Flux Research Group / School of Computing

Fast, Scalable Disk Imaging with Frisbee

Mike Hibler, Leigh Stoller, Jay Lepreau, Robert Ricci, and Chad Barb

Proceedings of the 2003 USENIX Annual Technical Conference (USENIX ATC) 2003.

areas
Networking, Testbeds

abstract

Both researchers and operators of production systems are frequently faced with the need to manipulate entire disk images. Convenient and fast tools for saving, transferring, and installing entire disk images make disaster recovery, operating system installation, and many other tasks significantly easier. In a research environment, making such tools available to users greatly encourages experimentation.

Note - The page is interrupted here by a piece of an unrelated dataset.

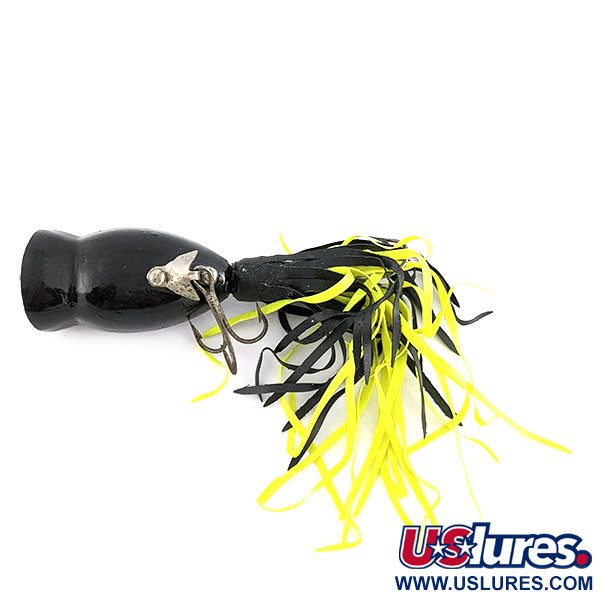  Fred Arbogast Hula Popper, black, 8 г, воблер #21834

We present Frisbee, a system for saving, transferring, and installing entire disk images, whose goals are speed and scalability in a LAN environment. Among the techniques Frisbee uses are an appropriately-adapted method of filesystem-aware compression, a custom application-level reliable multicast protocol, and flexible application-level framing. This design results in a system which can rapidly and reliably distribute a disk image to many clients simultaneously. For example, Frisbee can write a total of 50 gigabytes of data to 80 disks in 34 seconds on commodity PC hardware. We describe Frisbee's design and implementation, review important design decisions, and evaluate its performance.